A.hen Joachim Löw made his debut as national coach, there was an all-round festive mood. With 52,000 visitors, the Gelsenkirchen Arena was sold out, the soccer nation was still charmed and intoxicated after the summer fairy tale. And when Bernd Schneider scored the first goal in a 3-0 win against Sweden on August 16, 2006 after three minutes and thirty seconds, the big party that had been disrupted by the Italians in the World Cup semi-finals continued practically seamlessly after eight Minutes it was 2-0 through Miroslav Klose.

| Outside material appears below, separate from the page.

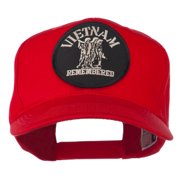 Vietnam Remembered Military Patched High Profile Cap - Red OSFM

In those days, the so-called shoe war caused a little bit of turmoil in the background: Some national players no longer wanted to feel bound by the obligation to wear the shoes of the general supplier Adidas – which today only shows how long ago that was actually.
September 2, 2021 was a perfect day for drinking espresso in late summer St. Gallen, but, as it turned out, not so much for playing football for the German national team. At the beginning there was a touch of home game atmosphere at Hansi Flick’s premiere: Among the around 8,000 spectators who had come to Kybunpark on Thursday evening, the voting sovereignty was with the sympathizers of the DFB selection.
But they quickly lost their joy in singing when, after a brisk start, an excruciatingly tough affair developed. One even had to say: There was incredulous astonishment at how difficult it was for the Germans to face the massively defending 189th in the world rankings – especially after all the whim-and-humor announcements of the past few days. It was just 2-0 after 90 minutes and goals from Timo Werner (41st minute) and Leroy Sané (77th).
Hard work instead of football magic
Even if the commitment and persistence after Sané’s goal were rewarded with relieved applause, also from Flick: From St. Gallen, where the game had been relocated due to the renovation of the playing field in Vaduz, there was no magic for a new German football era, rather the leaden realization that every beginning is difficult. Hardly anyone had thought that the continuation in the World Cup qualification on Sunday in Stuttgart against Armenia and on Wednesday in Reykjavik against Iceland would be an opportunity to forget a mood-dampening start.
With his first statement, Flick was good for surprises. As expected, he returned to a 4-2-3-1 basic order, but the staffing was different than many expected. It began in central defense, where Thilo Kehrer played alongside Niklas Süle and not Antonio Rüdiger, that continued in the engine room, where captain Joshua Kimmich was not assigned Leon Goretzka but Ilkay Gündogan, and in the offensive ranks Flick held for Jamal Musiala on the grand piano as well as for Werner in the front center. Sané and Kai Havertz completed this department. As expected, the outside positions in the back four were held by Robin Gosens and Ridle Baku.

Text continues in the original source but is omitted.